JR東海では,これまで地上装置で実現してきた架線電圧を維持する機能を,車両側で実現する技術を開発したと発表した.
東海道新幹線では利用客の増加にともない,順次輸送力を増強し,2020(令和2)年3月から「のぞみ12本ダイヤ」を実施している.高密度なダイヤで列車を運転する際に発生する架線の電圧低下を抑制するために,変電所の増設に加えて電力補償装置の導入など地上の電力設備の増強を進め,現在,東海道新幹線の沿線に電力補償装置が21台設置されている.
N700Sに搭載する新機能は,主変換装置のソフトウェアを改良することで,これまで地上の電力補償装置などで実現してきた架線の電圧低下を抑制する機能を車両側で実現するもの.
列車本数が増えるにつれ架線の電流の位相が遅れ,電圧が低下する現象について,電流の位相の遅れを小さくし,電圧の低下を抑制する機能を搭載する.なお,車両で架線電圧を維持する仕組みは,世界初の技術となる.

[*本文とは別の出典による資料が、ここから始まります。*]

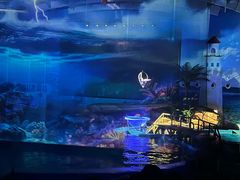 -海合安武汉极地海洋公园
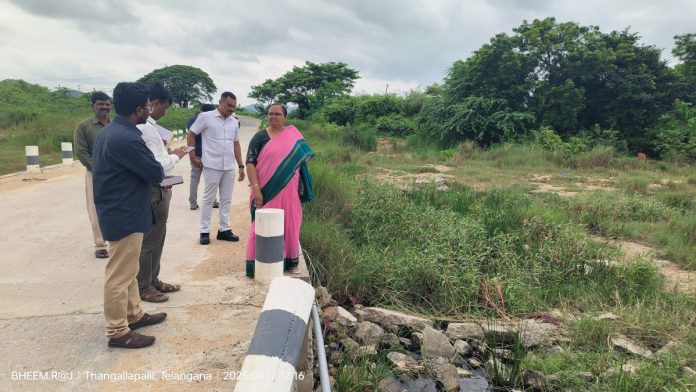 Collector inspects low-level bridges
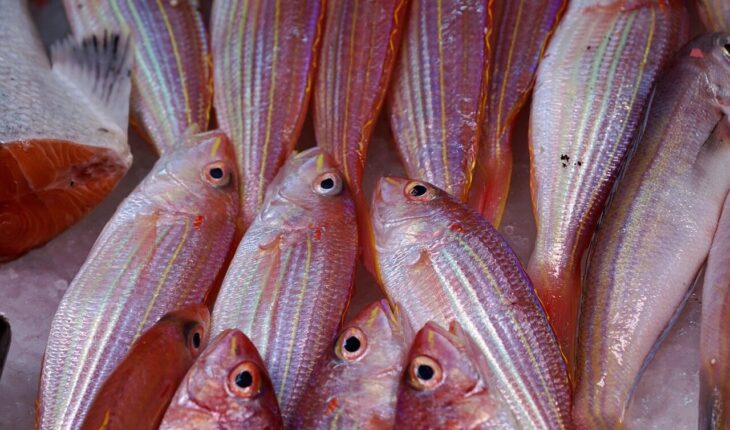 fish, laptop wallpaper, free wallpaper, hd wallpaper, seafood, sea, market, ocean, wallpaper 4k, fishsoup, soup, cook, meal, food, 4k wallpaper 1920x1080, fat, diet, rose flower, cool backgrounds, vitamin, b12, yummy, fatty acid, floral background, vegan, star sign, fishes, wallpaper hd, beautiful wallpaper, shine, 4k wallpaper, nature, red, desktop backgrounds, free background, rose, raw, sweet, angry, salt, flow, profession, fisherman, success, catch, summer, ice fishing, china, restaurant, sushi, japan, windows wallpaper, tradition, gourmet, full hd wallpaper, kitchen, french, enjoyment, hobby, bronche, eye, fin, body, mouth, mac wallpaper, glassy, vacations, leisure time, employment, beautiful, active ingredient, caviar, eggs, background, fish market, shelf, sale, purchasing, selection, equal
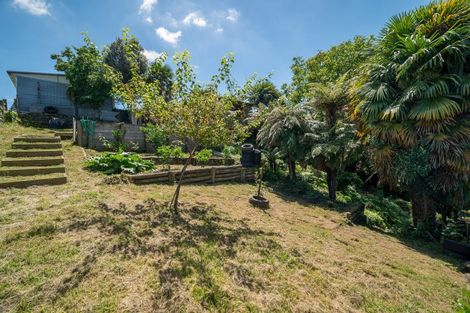 Photo of property in 9 London Terrace, Putaruru, 3411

この機能により,一部の変電所や電力補償装置の削減や,東海道新幹線の全編成に導入が完了した場合では,約1割の変電所と約半数の電力補償装置が削減できる見込みとしている.また,電気使用量を年間約2千万kWh低減できるほか,約3億円の電気料金と約1万tに相当する二酸化炭素排出量を削減できる見込みとしている.
今後は,N700Sの一部の営業車両に上記の機能を搭載し,2023(令和5)年2月まで機能確認試験を実施する.試験の結果を確認後,ほかのN700Sにも機能の搭載を拡大する予定.